El mundo vegetal es femenino. De ahí provienen el lenguaje y el pacto esencial
con el Logos de la naturaleza, aquella Nuestra Señora de las Plantas que concede la vida y también la arrebata.
No es fortuito que el mito de nuestra cultura comience en el Jardín del Edén, y que de tal estado de gracia hayamos sido expulsados por comer el fruto del Árbol del Conocimiento (debido a la impaciencia, diría Kafka en uno de sus aforismos de fuego, la misma razón que nos impide regresar a él).
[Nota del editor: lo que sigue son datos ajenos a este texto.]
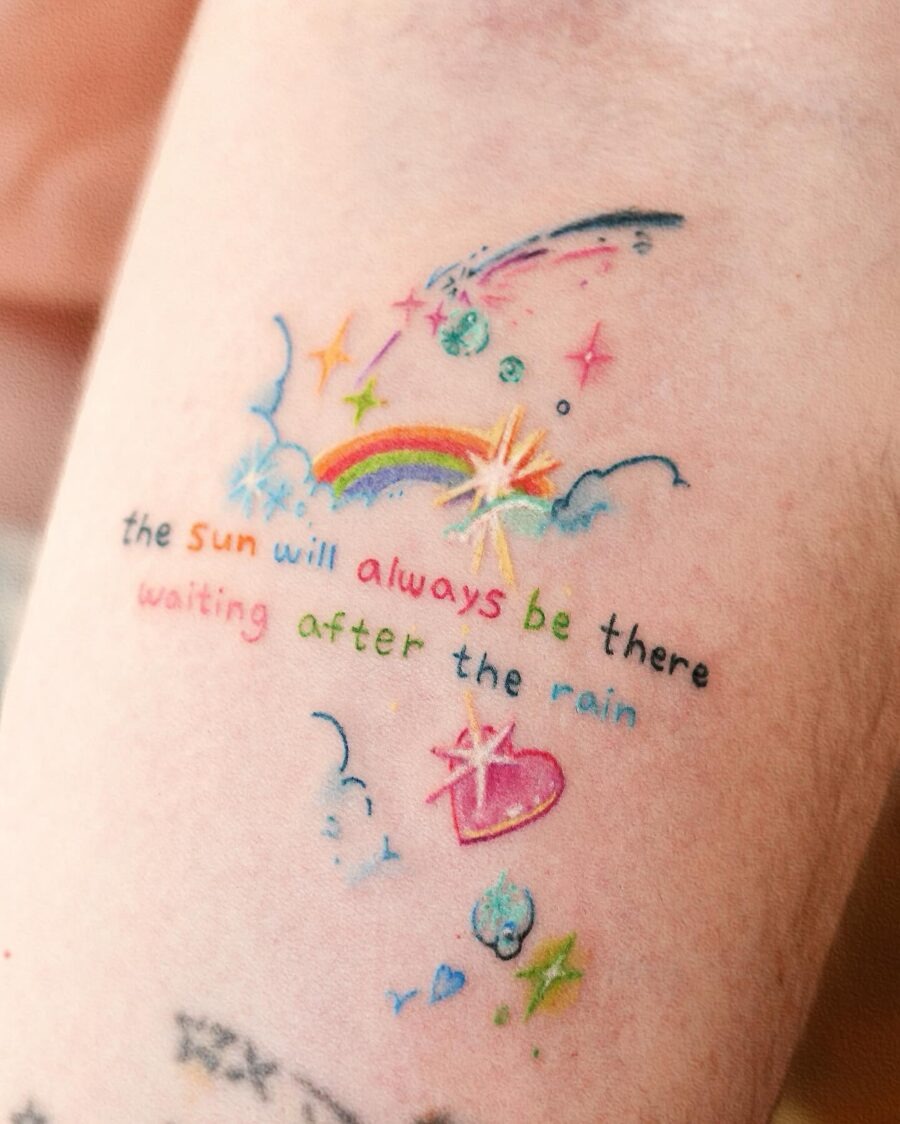 Colorful rainbow baby tattoo with a hopeful message Tattoo Design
El paraíso terrenal del Génesis era cultivado por la pareja adánica pues Dios, afirma san Juan de la Cruz, es un jardín. Caminar por él es dar la vuelta al infinito, habrán cantado antes los poetas orientales. Los altos conocimientos y los dones del Alma se entienden “como el jardín de la clara percepción interior”. Según la tradición cabalista ello equivale al dominio del conocimiento principal.
Los egipcios entendían que cada planta tenía su palabra: las bayas de mandrágora simbolizaban el amor, los pétalos abiertos de los lotos evocaban al sol y sus raíces en las aguas eran el nacimiento del mundo. En Persia, como explican los libros eruditos, los jardines alcanzaron una significación cósmica, lo mismo que en Japón, pero también metafísica y mística. Así, son metáforas que nunca acaban: la amada es un ciprés, un jazmín, un lirio intacto.
Sus estanques forman espejos que multiplican lo que miran, lo desdoblan inagotable. Es un ensueño del mundo que cumple una doble función: nos reencanta con él, nos transporta fuera de él. La belleza de las flores, habitantes del jardín, le ofrece al alma recuerdos de su propia eternidad.
El poeta árabe enseña que la gloria de la creación surge al contemplar las plantas, cuando uno pasea por el jardín y se mira en la hierba.
Leo un libro reciente de Byung-Chul Han, Loa a la tierra. Desde hace años él cultiva su jardín.